2.04 Further Assurances
The Borrowers will, from time to time, execute and deliver all such further documents and instruments, and do all acts and things as the Agent may reasonably require to effectively carry out or better evidence the full intent and meaning of this Amendment.
2.05 Binding Effect
This Amendment shall be binding upon and enure to the benefit of each of the parties hereto and their respective successors and permitted assigns.
2.06 Counterparts
This Amendment may be signed by way of appending an electronic signature of the applicable signatory each of which shall be of the same legal effect, validity or enforceability as a manually executed signature.

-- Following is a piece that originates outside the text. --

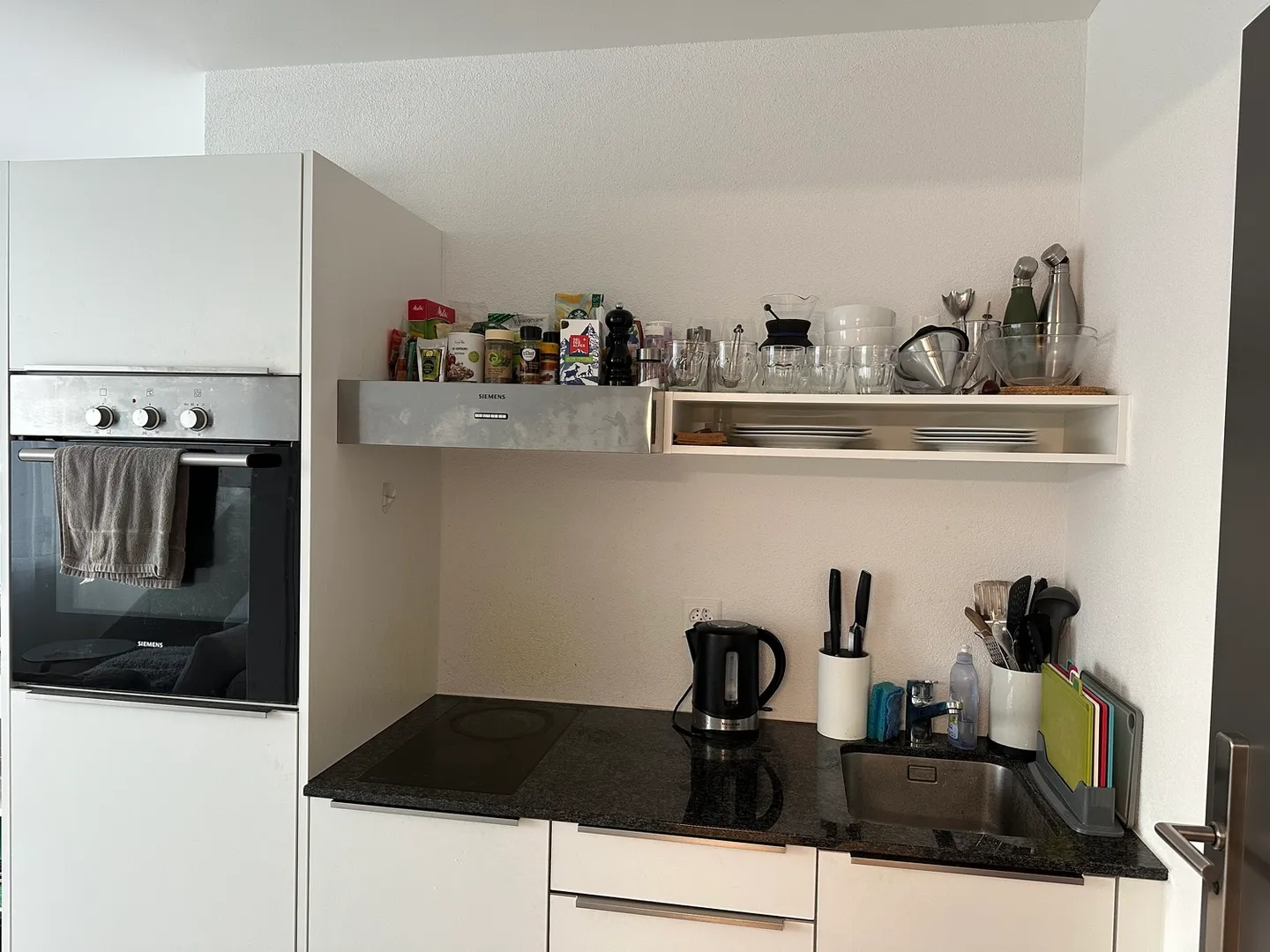 MONOLOCALE A ZURIGO - KREIS 9 ALTSTETTEN, ARREDATO, TEMPORANEO - Foto 6 di 10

This Amendment shall become effective when it has been executed by the Agent and when the Agent has received counterparts hereof that, when taken together, bear the signatures of each of the other parties hereto.
2.07 Electronic Delivery
Delivery of an executed counterpart of a signature page of this Amendment by telecopy or by sending a scanned copy by electronic mail shall be effective as delivery of a manually executed counterpart of this Amendment.
2.08 Governing Law
Section 17.04 of the Credit Agreement applies to this Amendment mutatis mutandis.
[SIGNATURE PAGE FOLLOWS]
IN WITNESS WHEREOF, the parties hereto have caused this Amendment to be duly executed as of the date first above written.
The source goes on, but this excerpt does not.